A way to leverage medium data, Rao said, would be through second-screen devices as people watch television. Those devices, he said, allow for active data collection across a range of activities. “In some sense, second screens are everywhere,” Rao said.
Big data analytics, Rothschild said, and adaptive questions can help turn old-fashioned polling methods into something more meaningful. “These are things you can only do when you have people in front of a computer screen versus being called on a phone or knocking on a door,” he said.
Though some folks might try to draw conclusions from raw social media and online data, Rothschild said it can be unclear what is being discussed.

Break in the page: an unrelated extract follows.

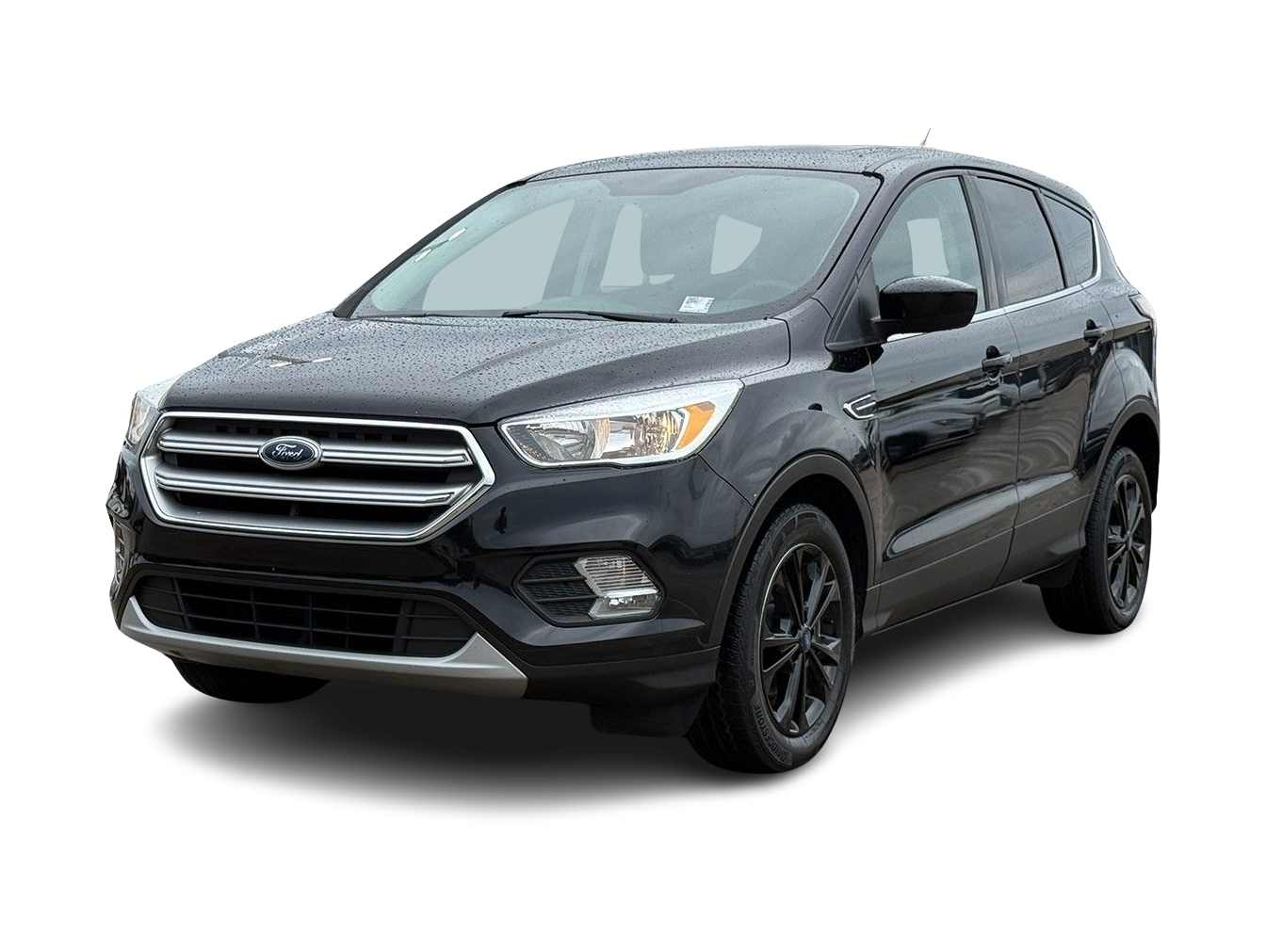 2017 Ford Escape SE -
                  Houston, TX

For example, he said data might show people are talking online about Justin Bieber or the potential for war in Ukraine but the context of the discussion may be lost. Breaking down the questions people are responding to, he said, can give a better understanding the relevance of the information. “Online data is noisy, it’s broad, and not necessarily as deep as you would think,” Rothschild said.
After the presentations, Chayes moderated a panel that comprised Kathleen McKeown, director of the institute for data sciences and engineering at Columbia University; Dan Huttenlocher, dean and vice provost of Cornell Tech; and Microsoft Research’s boyd.
They discussed a bit of the evolution of big data and what it may mean for the future. Recalling the chatter about the big data phenomenon a few years ago, boyd said it raised thoughts of potentially amazing or terrible things that could be done with it. “It was this dichotomous tension we were seeing come down the line,” she said.
The rise of big data, she said, followed a long set of trends in statistical work and computer science. The spread of social media, she said, showed the public was starting to understand what sociologists already knew about mapping relationships in terms of networks.
The startup sector also evolved in the last decade, she said, from a world where relational databases were used to organize most information to a new understanding of how information could be architected. As perceptions about big data changed, more groups began to see how they might use it. “It’s a cultural logic shift.” boyd said. “I’m spending a lot of time with groups who’d never imagined they’d have any relationship to this.”
And more change is ahead, said Huttenlocher, as new ways to use data are discovered. “We’re in a time in the development of the digital age that’s analogous to the Industrial Age after the first wave of industrialization,” he said.
McKeown said there is a need for new approaches to be developed in machine learning and applied statistics to better accommodate different disciplines of science. “I’m seeing people come together in areas like environmental science and big data,” she said. “They don’t yet know how to apply machine learning methods. There’s a lot of promise there that hasn’t happened yet.”